In years gone by, the image of The War On Drugs’ troubled genius toiling away in solitude, forever in search of something unreachable, wasn’t far from the truth. This time round, a brighter more collaborative mood prevailed and Granduciel is quick to recognise the contributions of the other guitarists on the record.

“Finishing this album was quite
the feat, with everything that’s happening. It was a journey”

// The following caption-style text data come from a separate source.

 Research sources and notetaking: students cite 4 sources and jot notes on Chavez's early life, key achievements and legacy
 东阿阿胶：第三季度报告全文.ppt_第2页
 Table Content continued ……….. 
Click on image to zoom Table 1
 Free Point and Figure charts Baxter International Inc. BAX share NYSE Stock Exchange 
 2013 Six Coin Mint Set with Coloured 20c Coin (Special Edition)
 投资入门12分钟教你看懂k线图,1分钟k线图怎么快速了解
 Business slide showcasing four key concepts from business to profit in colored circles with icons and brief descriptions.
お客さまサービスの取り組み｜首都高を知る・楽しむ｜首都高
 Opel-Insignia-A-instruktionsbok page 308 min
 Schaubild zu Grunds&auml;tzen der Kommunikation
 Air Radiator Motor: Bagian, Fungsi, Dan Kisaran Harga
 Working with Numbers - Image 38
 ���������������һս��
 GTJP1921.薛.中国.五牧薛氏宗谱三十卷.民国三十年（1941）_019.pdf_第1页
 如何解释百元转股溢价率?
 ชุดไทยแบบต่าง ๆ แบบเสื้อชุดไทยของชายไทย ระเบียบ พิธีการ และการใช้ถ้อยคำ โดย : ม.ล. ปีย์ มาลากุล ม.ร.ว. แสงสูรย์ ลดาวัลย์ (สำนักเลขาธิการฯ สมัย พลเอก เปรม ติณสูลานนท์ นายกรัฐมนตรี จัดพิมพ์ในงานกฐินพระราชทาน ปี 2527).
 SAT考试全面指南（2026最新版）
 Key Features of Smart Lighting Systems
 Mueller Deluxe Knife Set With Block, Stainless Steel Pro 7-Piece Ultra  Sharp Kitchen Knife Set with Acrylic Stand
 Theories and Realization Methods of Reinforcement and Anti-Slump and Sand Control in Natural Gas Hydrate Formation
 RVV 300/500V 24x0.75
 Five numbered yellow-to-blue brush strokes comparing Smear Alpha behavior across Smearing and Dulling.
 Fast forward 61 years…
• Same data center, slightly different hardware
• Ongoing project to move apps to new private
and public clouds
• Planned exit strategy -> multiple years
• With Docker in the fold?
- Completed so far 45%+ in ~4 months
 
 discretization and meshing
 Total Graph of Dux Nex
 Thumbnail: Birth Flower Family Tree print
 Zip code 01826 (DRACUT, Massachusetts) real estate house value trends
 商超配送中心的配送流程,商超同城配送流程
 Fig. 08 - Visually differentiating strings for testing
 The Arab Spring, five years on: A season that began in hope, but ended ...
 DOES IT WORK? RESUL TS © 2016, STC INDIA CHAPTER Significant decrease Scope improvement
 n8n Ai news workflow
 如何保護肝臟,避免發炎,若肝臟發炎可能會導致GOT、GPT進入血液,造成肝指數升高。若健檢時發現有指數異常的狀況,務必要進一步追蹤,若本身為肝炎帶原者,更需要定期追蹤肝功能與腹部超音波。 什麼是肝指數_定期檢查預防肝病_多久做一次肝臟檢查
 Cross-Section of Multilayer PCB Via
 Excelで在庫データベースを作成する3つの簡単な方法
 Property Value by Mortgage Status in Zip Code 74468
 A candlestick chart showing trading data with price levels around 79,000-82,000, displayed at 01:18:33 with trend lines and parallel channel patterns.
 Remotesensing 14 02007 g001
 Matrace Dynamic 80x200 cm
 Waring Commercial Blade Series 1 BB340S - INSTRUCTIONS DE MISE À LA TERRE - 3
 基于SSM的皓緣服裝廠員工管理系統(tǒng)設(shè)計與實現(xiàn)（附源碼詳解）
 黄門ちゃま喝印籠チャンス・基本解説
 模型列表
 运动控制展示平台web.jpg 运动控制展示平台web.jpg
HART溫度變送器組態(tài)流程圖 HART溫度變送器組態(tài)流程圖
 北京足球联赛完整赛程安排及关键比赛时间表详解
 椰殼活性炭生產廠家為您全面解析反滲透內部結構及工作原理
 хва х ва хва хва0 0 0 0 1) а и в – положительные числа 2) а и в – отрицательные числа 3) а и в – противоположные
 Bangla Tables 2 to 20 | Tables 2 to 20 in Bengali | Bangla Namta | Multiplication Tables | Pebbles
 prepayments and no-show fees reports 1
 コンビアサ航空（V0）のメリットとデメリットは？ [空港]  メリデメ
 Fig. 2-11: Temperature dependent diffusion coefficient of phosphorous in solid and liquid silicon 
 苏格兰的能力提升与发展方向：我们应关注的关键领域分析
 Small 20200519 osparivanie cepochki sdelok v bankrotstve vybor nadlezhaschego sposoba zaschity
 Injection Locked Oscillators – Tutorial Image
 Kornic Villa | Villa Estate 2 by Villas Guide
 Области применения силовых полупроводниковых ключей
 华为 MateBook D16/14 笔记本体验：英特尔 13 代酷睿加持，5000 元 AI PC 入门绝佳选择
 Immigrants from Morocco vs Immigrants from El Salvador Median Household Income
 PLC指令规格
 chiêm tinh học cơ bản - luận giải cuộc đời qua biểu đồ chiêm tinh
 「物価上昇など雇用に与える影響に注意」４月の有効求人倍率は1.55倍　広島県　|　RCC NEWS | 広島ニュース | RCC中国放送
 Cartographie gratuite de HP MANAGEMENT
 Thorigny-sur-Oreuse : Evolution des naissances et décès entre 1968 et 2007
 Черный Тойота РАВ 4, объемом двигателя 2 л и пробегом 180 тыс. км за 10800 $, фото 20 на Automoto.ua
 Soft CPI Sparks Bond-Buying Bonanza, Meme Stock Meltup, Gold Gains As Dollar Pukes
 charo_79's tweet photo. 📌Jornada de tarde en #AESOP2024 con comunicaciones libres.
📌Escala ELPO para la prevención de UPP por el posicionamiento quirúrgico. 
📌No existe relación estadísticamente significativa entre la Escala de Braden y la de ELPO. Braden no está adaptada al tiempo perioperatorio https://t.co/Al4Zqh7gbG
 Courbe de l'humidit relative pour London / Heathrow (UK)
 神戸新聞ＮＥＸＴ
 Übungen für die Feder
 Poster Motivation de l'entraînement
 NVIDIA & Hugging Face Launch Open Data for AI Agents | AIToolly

“Mike Bloch is a good friend and I love his guitar playing because he doesn’t play like anybody else. He’s a trained flamenco player, and he has a rhythmic thing when he plays electric, he’s fearless. He comes up with melodies that are not immediately deliberate, it’s like the melody is there but he’s mostly playing within the chord and always finding this really beautiful melody, like in Occasional Rain where I credited him with playing the ‘raindrop guitar’.

“Jim [Elkington] is an old friend, he’s an amazing guitar player. I just like putting people together, and I try to get outside of the band element when we make records, just having people in the studio that we all love and respect and bring a different flavour. I’m good at certain things, but I can’t do it all and it’s exciting for me to have all these other people playing guitar and giving me something to play off.”

The War On Drugs
Image: Shawn Brackbill

The love and respect Granduciel has for this troupe of seasoned musicians is one of the reasons The War On Drugs are one of the most exhilarating live bands on the planet. In November, they’ll return to the road for a 30-date tour of the US and Canada before European dates in the spring and a lap of the UK’s biggest stages, taking in London’s 20,000-capacity O2 arena in April. While Granduciel’s favoured guitars on the Deeper Understanding tour were his ’65 Reissue Jazzmaster and a Gretsch White Falcon, he’s planning to deploy some old favourites for these shows.

“I’m definitely going to tour with my ’62 Jazzmaster, I also have this really cool Strat I bought from Jesse [Trbovich] in Kurt [Vile]’s band. It’s a ’57 Reissue that they made maybe 10 years ago, but didn’t make that many. I just love the neck. I want to bring my SG because I need to use it for Living Proof, but it doesn’t sound good through the Alembic stuff I use, because it’s more of a single-coil thing, so I’m going to have a rig where I can hit a switch and play through a Tweed or another amp that sounds good with the humbuckers.”

That’s all for the future. I Don’t Live Here Anymore is an album, says Granduciel, about “movement, of pushing forward”, but also casting an eye back at the road that brought him here. He hasn’t yet begun contemplating where The War On Drugs’ next record might take them. Rather, he’s craving a return to the communal recording sessions of their first albums, 2008’s Wagonwheel Blues and Slave Ambient, released in 2011, with a new band headquarters in the San Fernando Valley in the pipeline. As Granduciel concludes wistfully on his new album’s second track, Harmonia’s Dream, “Sometimes forwards is the only way back”.

“Finishing this album was quite the feat, with everything that’s happening,” he reflects. “It was a journey. Now I’m just programming my pedalboard, getting the show ready, trying to figure it all out, and I’m building a studio and rehearsal place for the band in Burbank. My only thing looking forward is to be able to have my own place where I can get back to creating music in the way that I was trying to do it years ago.”

I Don’t Live Here Anymore by The War On Drugs is out now on Atlantic Records.